• _WHAT TO DO_
Across the whole listing, return each line exactly, with no images included.

• _DATASET CONTENT_
▼▼▼

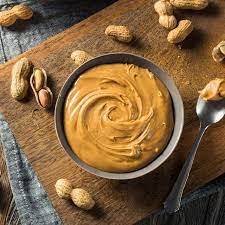 National Peanut Butter Lovers Day
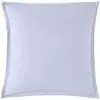 Image de Taie d'oreiller percale brise 50x75 cm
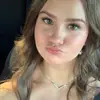 Paige - @paige_preddy07 - TikTok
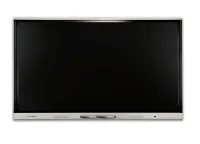 Интерактивный дисплей  smart модель sbid-mx275-v2 (в составе интерактивной панели sbid-mx075-v2) с по smart notebook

▲▲▲

• _RESPONSE TO THE TASK_
 National Peanut Butter Lovers Day
 Image de Taie d'oreiller percale brise 50x75 cm
 Paige - @paige_preddy07 - TikTok
 Интерактивный дисплей  smart модель sbid-mx275-v2 (в составе интерактивной панели sbid-mx075-v2) с по smart notebook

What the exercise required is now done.